B.B.: During the strike we were left on our own on the picket lines, and then people kept saying: 'We are the union'--I heard a lot of that. It's the classic one they're always telling us: "What an you complaining about the union for? You an the union," of course knowing that we're not. But during the strike, we wore, we kept the committees going, we raised the money, we did all the work, we picketed. How do we take that and keep it going?
PW: So that's the living union as opposed to the dead union--the legal entity that has all the money.
B.B.: On the shop floor level, the shop stewards can do a helluva lot. You can organize about anything you want, call meetings about anything, demand to see anyone. They can say 'No,' and then you can organize an action with 20 people--but in order to be protected and not get your activists fired, you need the protection of the union. You know you'd be out the door if you did these things and you weren't a shop steward, or if it weren't a union shop.
PW: That's a good example of how you get some legal protection from the union, but there are also numerous examples of people getting the axe with the complicity of their union, and they're gone, that's the end of it.
B.B./D.S.: Yeah, it's true.
PW: Unless you have that extremely strong rank-and-file movement that will get out there right away and strike or act on behalf of the person who got axed with the union's complicity or whatever the issue may be, then the union is ephemeral, it doesn't really exist. The union is action, living action by the workers, and without that what have you got?
D.S.: Sometimes I feel like if [the unions] are rotten to the core then the whole thing needs to be scrapped and [we need to] start over with some new form of workers' organization. But in the strike, the scabs would always say: 'Look what your union did last time, why would you be out on the sidewalk if that's what they're going to do to you?' And then the people who were really willing to fight would counter that with: This is my union and I'm gonna be out there because I'm the one who's gonna be screwed. It was the vocabulary of the day that we had to deal with. I think other forms may arise, perhaps not in the near future...

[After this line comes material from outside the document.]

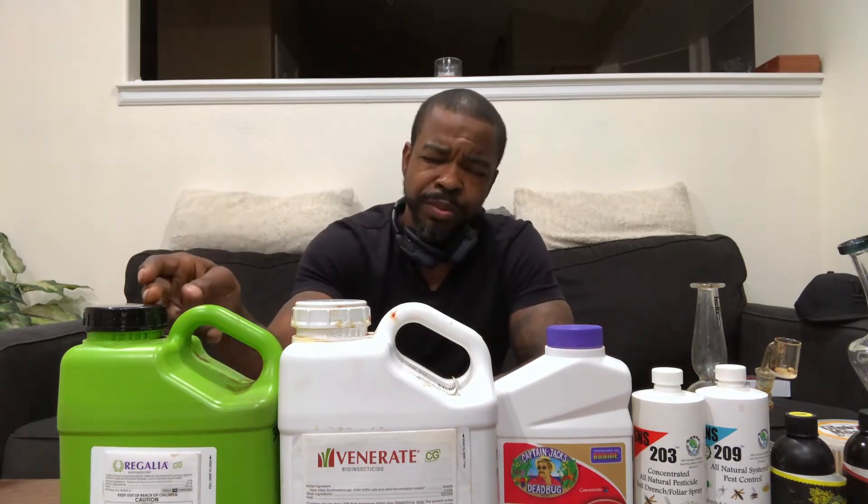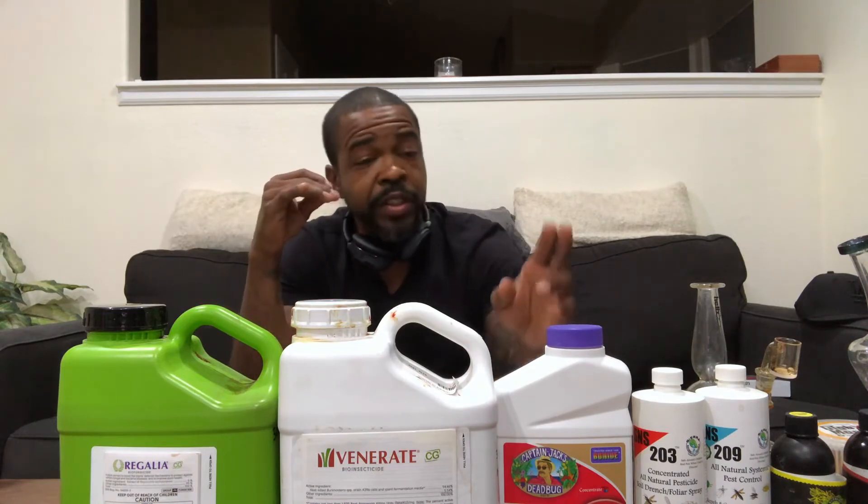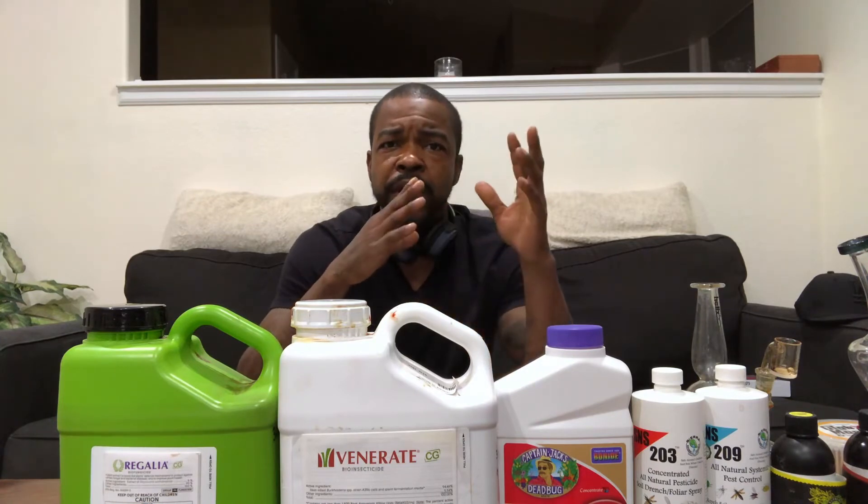Next, we're going to be talking about Captain Jack's — it's a similar product. It's called Captain Jack's Dead Bug Brew — a naturally occurring bacteria that kills insects. I think they found this in Jamaica or one of those Caribbean islands. Insects ingest it and it kills them. Another natural alternative.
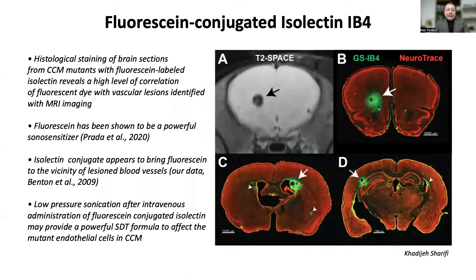Finally, our histological stains have demonstrated that the CCM lesions have high affinity to the glycoprotein isolectin IB4 conjugated with fluorescein. Fluorescein is also a powerful sonosensitizer, which has been shown in a number of studies. Thus, intravenously administered isolectin may be a useful vehicle for the delivery of fluorescein to the CCM lesions, and this avenue will be explored next.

B.B.: That's why I say you have to be flexible, ready for any opportunity, to make alliances with everybody you can, and just be there at the time. It's like this strike, we could have said 'SEIU is gonna sell you out anyway, so why bother?' but we said, 'Oh no, jump in there, get involved.' And I think we gained a lot, lost money but gained more.
PW: We have these arguments within the PW collective all the time. Even if you are critical of the existing bureaucratic union, nevertheless (and your case is a good example) the union provides a context in which people can organize and talk to other. Even if they find themselves having to talk about being in opposition to that union, they've already linked up that way. It creates certain channels of communication that are very hard to establish from scratch. Then the problem becomes vocabulary, and finding a language that breaks through the conceptual baggage. For example, putting out the word 'union' as an "association of individuals getting together for their mutual interests in opposition to the labor laws which have been written specifically to prevent them from getting anywhere," might change the whole complexion of that word.
The interview then disintegrated into a general conversation on working class politics around the world. A month after this interview was conducted, Local 250 was put into trusteeship in spite of strenuous efforts by Bebb, Smith and CDU to avert it. CDU will have to wait up to eighteen months before there is a union election. A lot of grassroots organizing will have be maintained and consolidated in order for them to bring a new direction to Local 250 in the future.